An Energy Trilemma That Remains Affordable

By Nicholas Watson

625 words - 2 mins read

Since the war in Ukraine began, bringing with it a cost-of-living crisis, governments around the world have become increasingly preoccupied with energy affordability, turning the dilemma of the energy transition between sustainability and security into a trilemma.

Energy prices spiked in the weeks after Russia’s invasion in February and have remained elevated since. The International Energy Agency says high fuel costs account for 90% of the rise in average costs for electricity generation worldwide.

However, the short-term pain will be more than offset by the long-term gains if governments keep their net-zero plans on track.

There are two main reasons for this:

1. Electrification and its associated energy efficiency improvements will lead to energy demand finally decoupling from economic growth, meaning that just 2.1% of global GDP will be spent on energy in 2050 compared to 3.4% today, according to the sixth edition of DNV’s Energy Transition Outlook.

Looking at Europe as an example, DNV forecasts that households on the continent will see their energy expenditure rising sharply until the energy supply shocks are alleviated, by around 2025. By the late 2020s, household energy expenditures in Europe will have fallen to around the same levels as in 2021, in nominal terms. The subsequent decades will see a stabilisation of household energy expenditure at 10% lower on average than in 2021, gradually declining to 30% below 2021 levels by mid-century.

2. The costs of not dealing with the drivers of climate change continue to rise. Deloitte’s latest Global Turning Point Report, released in May 2022, predicts that unchecked climate change could cost the global economy $178 trillion over the next 50 years.

As Deloitte Global’s CEO, Punit Renjen, says in the report: “The time for debate is over. We need swift, bold and widespread action now — across all sectors. Will this require a significant investment from the global business community, from governments, from the non-profit sector? Yes. But inaction is a far costlier choice. The data bears that out. What we have before us is a once-in-a-generation opportunity to re-orient the global economy and create more sustainable, resilient and equitable long-term growth. In my mind, the question is not why we should make this investment, it’s how can we not?”

Experts stress that one of the defining features of the ongoing energy transition and achieving net zero carbon emissions is not the prohibitive expense but the relative affordability. The main reason for that is the growing amount of green, inexpensive electricity — the “hero of the energy transition”, as Sverre Alvik, director of Energy Transition Outlook at DNV, puts it.

Clearing green bottlenecks

Swiftly securing substantial supplies of affordable green energy, primarily from renewable sources, is therefore of paramount importance. Beyond boosting yearly capacity additions, experts say we also need a build-out of transmission lines grids, storage solutions and technologies that enable system flexibility.

However, meeting this rising demand requires an industry with the footprint, infrastructure and investment ready and waiting to deliver. Yet there remain far too many bottlenecks thwarting the ability of companies and investors to build at scale and at speed, say industry figures.

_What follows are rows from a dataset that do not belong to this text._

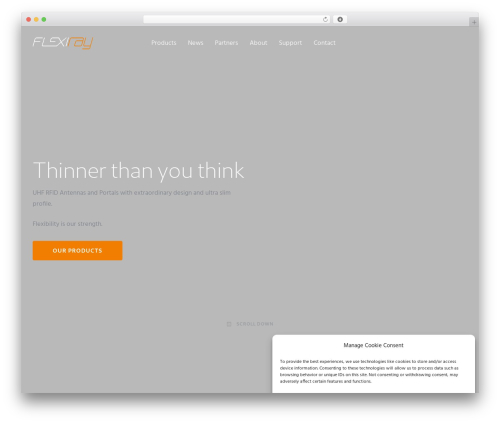 Be gdpr WordPress plugin - flexiray.com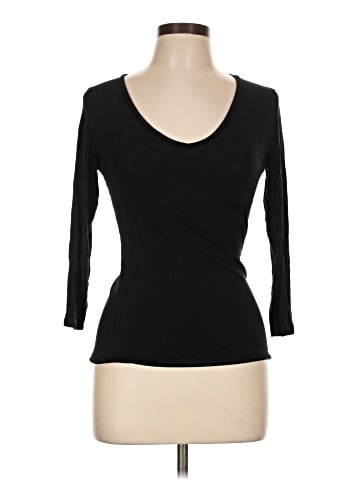 Majestic Filatures 3/4 Sleeve T-Shirt (view 1)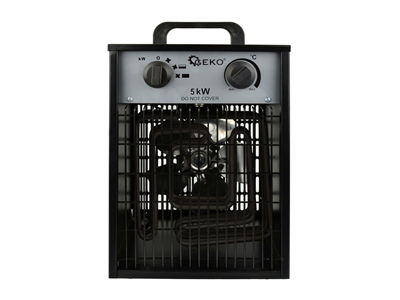 Elektrický ohřívač 5kW GEKO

For example, Vestas Wind Systems, the Danish wind turbine manufacturer, says it can take up to 10 years to build a wind energy project in Europe, especially offshore; transmission lines take even longer.

“The permitting process takes so long because it is, in essence, a manual machine, often under-resourced, dogged by jumbled decision-making across a multitude of input providers and too often starved of digital support. The result is that in Europe, for example, there is four times more wind capacity caught in permitting delays than under construction,” Vestas executives write.

Other factors constraining renewable energy projects include supply-chain bottlenecks, a growing skills gap, lack of collaboration with local communities, geopolitics, and trade-offs between infrastructure build-out and biodiversity loss.